We are asked to determine whether methamphetamine is properly listed in Schedule II of the schedules of controlled substances established by the Controlled Substances Act. 21 U.S.C. §§ 811, et seq. For the reasons stated we hold that the presence of methamphetamine as a component ingredient of certain over-the-counter drugs has no effect on the inclusion of methamphetamine as a Schedule II controlled substance. We also hold that the defect in appointment of a Special Assistant United States Attorney requires a remand to the district court to determine the extent of the supervision and control exercised by the United States Attorney’s Office.

I

Appellants Jerome Stanley and Bonnie Ann Durham were convicted of several offenses relating to the manufacture and pos *888 session of methamphetamine. Only Stanley has raised issues relating to methamphetamine as a Schedule II substance. Stanley did not raise his primary contention concerning whether methamphetamine is properly placed within the schedules of controlled substances in the trial court. This contention will be reviewed for plain error. See United States v. Hernandez, 876 F.2d 774 (9th Cir.), cert. denied, — U.S.-, 110 S.Ct. 179, 107 L.Ed.2d 135 (1989); United States v. Bustillo, 789 F.2d 1364 (9th Cir.1986). This issue is discussed in this opinion because if Stanley’s contentions were upheld, the other questions raised would be moot as the indictment would be flawed.
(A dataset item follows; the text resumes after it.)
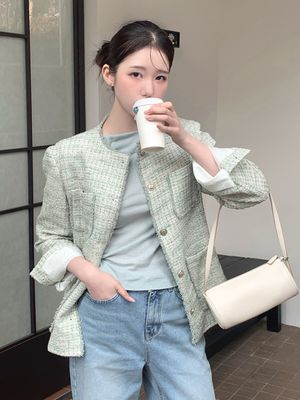ELISE fringe oversized tweed jacket_MINT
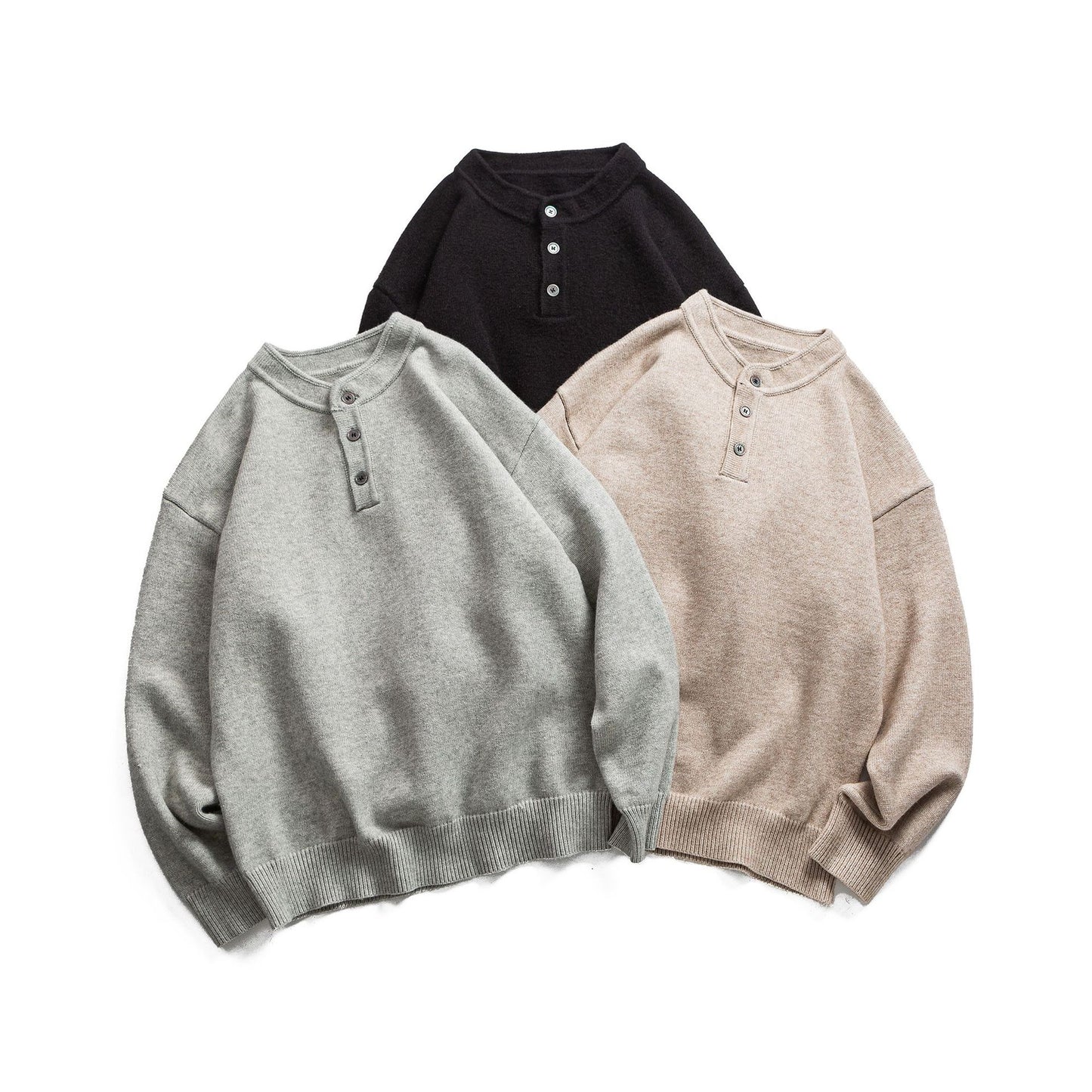 Minimalist Solid Color Henley Neck Loose Casual Versatile Pullover Sweater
A brief review of the structure of the statutory and administrative regulation of “controlled substances” will put Stanley’s arguments in context. Section 812 in Title 21 of the United States Code creates five schedules of controlled substances labeled I through V. The substances with the most potential for abuse or risk from use are in Schedule I, with declining risk in the following schedules. The punishment for conviction of possession or distribution of the listed substances generally follows the same pattern, with more severe punishments for convictions under Schedule I than Schedule II and so on. 1 Congress initially listed specific drugs under each schedule. However, 21 U.S.C. § 811 authorizes the Attorney General, by regulation, to move substances between schedules or add substances to or remove them from the schedules.

The current version of the regulations specifically designates methamphetamine as a Schedule II controlled substance, consistent with earlier versions going back several years. 21 C.F.R. § 1308.12. The regulations also exclude certain substances determined to be non-narcotic, including Rynal Spray and Vicks Inhaler, which may contain small amounts of methamphetamine. 21 C.F.R. § 1308.22.
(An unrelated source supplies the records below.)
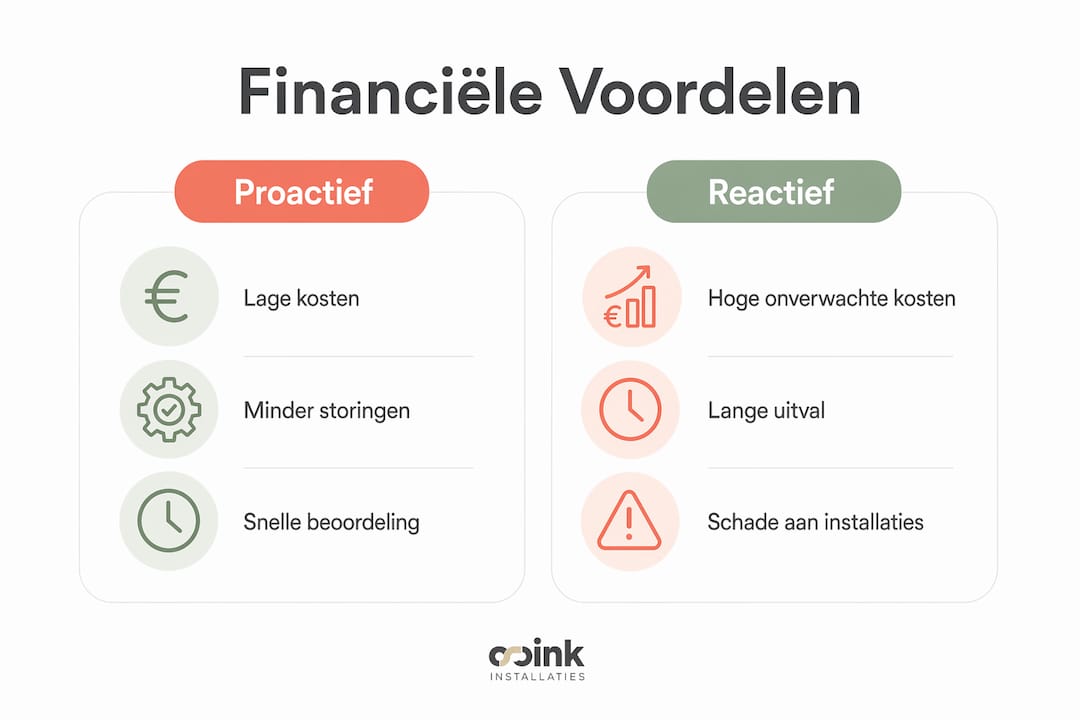 Deze infographic laat zien waarom investeren in preventief onderhoud zich financieel dubbel en dwars terugbetaalt ten opzichte van reactief ingrijpen.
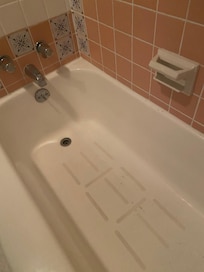 The bathrooms are small and old. No grab bar to hold.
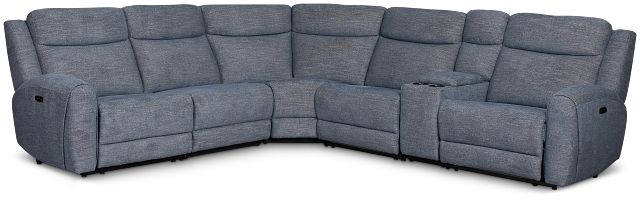 Walker Blue Fabric Medium Triple Power 2-arm Sectional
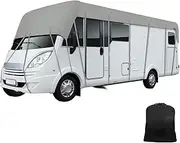 Waterproof Caravan Cover, 210D Oxford Cloth Caravan Protective Roof Cover, 3x10/11/12/13 Meters Silver Coated Lining RV Top Tarpaulin for Trailer (3x10m)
Basically Stanley argues that methamphetamine is not a Schedule II controlled substance. This issue can more properly be characterized as containing the following three sub-issues: (1) whether methamphetamine is still a Schedule III, rather than a Schedule II controlled substance; (2) whether methamphetamine has been specifically excluded as a controlled substance; and (3) whether the court erred in failing to instruct the jury that they must find, as an element of the offense, that any substance called methamphetamine must be found to be a central nervous system stimulant before it is a controlled substance. We address each issue in turn.

A

The first question is whether methamphetamine was properly listed in Schedule II of the schedule of controlled substances. The most Stanley can hope to gain by this contention is a challenge to the sufficiency of the indictment which charged him with possession of a Schedule II controlled substance. 2 The sufficiency of an indictment is reviewed de novo. United States v. Tuohey, 867 F.2d 534, 536 (9th Cir.1989).

Methamphetamine was originally listed in Schedule III by Congress, and later moved to Schedule II by the Attorney General. The crux of Stanley’s argument is that the Attorney General improperly delegated his authority to reschedule controlled substances. Stanley acknowledges that we have previously examined this issue and reached a contrary result. United States v. Jones, 852 F.2d 1235 (9th Cir.1988); see United States v. Burnes, 816 F.2d 1354 (9th Cir.1987). Stanley argues *889 that this court reached the incorrect conclusion in Jones because the court confused an “annual publication” in the federal register, required by 21 U.S.C. § 812(a), with the lengthy procedure required by sections 811(a)(b) and (c) before a substance can be rescheduled. We are bound by previous decisions of this circuit. See United States v. Mandel, 914 F.2d 1215, 1221 (9th Cir.1990).

Even assuming we were free to do so, we would decline Stanley’s invitation to revisit the issue in light of this court’s decision in United States v. Kendall, 887 F.2d 240 (9th Cir.1989). The Kendall court concluded “[w]hether or not DEA ever followed the procedures and made the findings required to reschedule methamphetamine the [Bureau of Narcotics and Dangerous Drugs] did so in 1971.” 887 F.2d at 241. It is no longer an open question whether methamphetamine has properly been designated a Schedule II controlled substance.

B

We next examine Stanley’s contention that methamphetamine has been specifically excluded as a controlled substance. Stanley maintains that since methamphetamine is not a controlled substance, the indictment was flawed, requiring reversal.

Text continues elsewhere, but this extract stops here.